Lors de la session du Conseil Régionale de décembre, à l’occasion de l’adoption de deux rapports de coopération de Rhône-Alpes avec des régions d’Afrique en lien avec le RDV de Copenhague 2009, la conseillère régionale communiste de Lyon, a souligné que, face à l’urgence climatique, "notre politique de coopération doit être au service de la justice sociale et environnementale, qui tous deux doivent être liées". Voici des extraits du texte :

En effet les rapports de coopération, avec les vœux qui vont être déposés, rejoinnent notre engagement commun et responsable pour construire un monde de paix et de justice. Cela dans le respect de nos valeurs républicaines et dans le respect de nos engagements de répondre activement et d’une manière solidaire à l’urgence climatique.

Ils nous rappellent surtout que c’est à Copenhague que se décidera l’avenir de la planète et de l’humanité toute entière. Nous sommes ainsi dans la dernière ligne droite. Toutes et tous doivent se mobiliser massivement et peser d’une manière démocratique pour obtenir un fort accord sur le climat et la justice sociale.

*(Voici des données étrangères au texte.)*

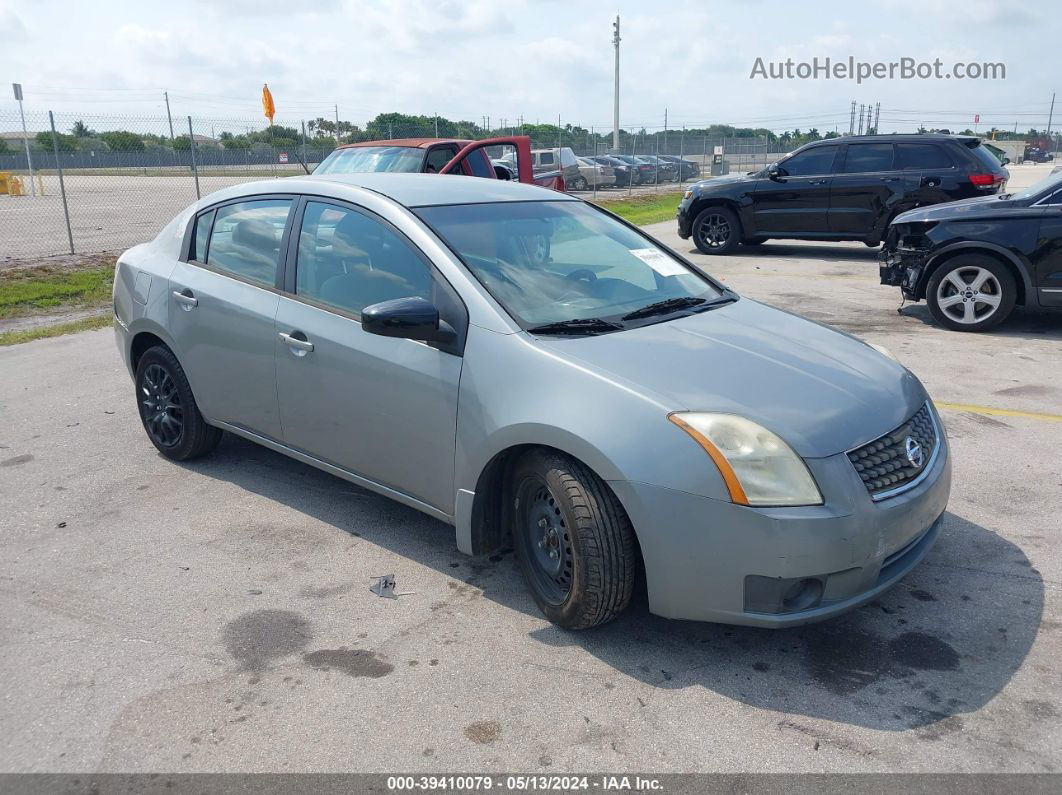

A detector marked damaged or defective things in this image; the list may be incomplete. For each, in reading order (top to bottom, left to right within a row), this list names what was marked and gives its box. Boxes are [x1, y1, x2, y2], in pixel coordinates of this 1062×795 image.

car with crumpled fender [112, 171, 951, 628]
damaged dark car [879, 168, 1062, 331]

Au moment où on assiste à un désengagement croissant de l’Etat en matière d’aide au développement, avec une casse systématique des services publics et une volonté sans précédent du gouvernement de remplacer nos valeurs de solidarité et d’ouverture par un repli identitaire stérile, produisant ainsi au passage et d’une manière collatérale des divisions, le doute et la peur de l’avenir, il faut surtout montrer combien l’urgence climatique est aussi sociale et citoyenne.

Elle est intimement liée à notre stratégie de développement globale, qui est elle-même et avant tout une urgence démocratique.

En effet, le premier rapport, qui est liée à l’action « multi-acteurs » « ZERO CARBONE » sur la thématique de l’adaptation des régions sénégalaise au changement climatique, est modeste exemple des actions novatrices que nous défendond en vue du respect des engagements internationaux de Copenhague. Bien avant et au delà du Grenelle de l’environnement.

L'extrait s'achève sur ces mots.